# WORK TASK
Would you set down the data that follows, word for word, without any pictures?

# INPUT DATA

_ _ _ _ _

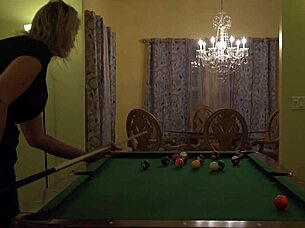 hot milf wife, are you ready for hard handling on the pool table with those huge tits rocking?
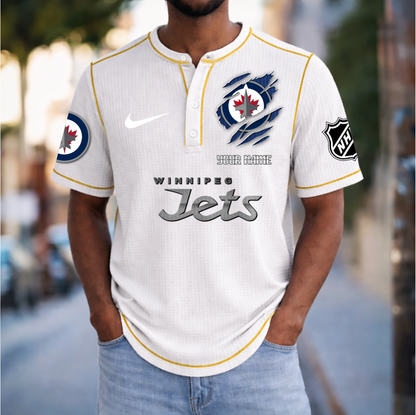 PREMIUM NHL X WJ Crew neck button Henry Shirt Limited Editions NDT VHM 20426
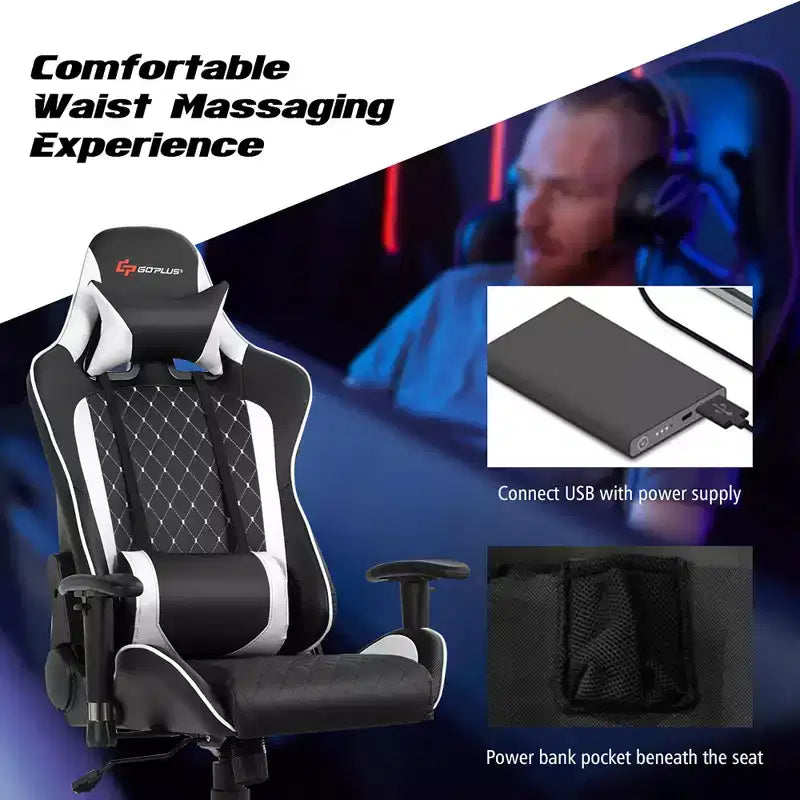 Silla reclinable de carreras Costway para videojuegos con masaje, soporte lumbar y reposacabezas, blanca/azul/rosa/roja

_ _ _ _ _

# RESPONSE BELOW
 hot milf wife, are you ready for hard handling on the pool table with those huge tits rocking?
 PREMIUM NHL X WJ Crew neck button Henry Shirt Limited Editions NDT VHM 20426
 Silla reclinable de carreras Costway para videojuegos con masaje, soporte lumbar y reposacabezas, blanca/azul/rosa/roja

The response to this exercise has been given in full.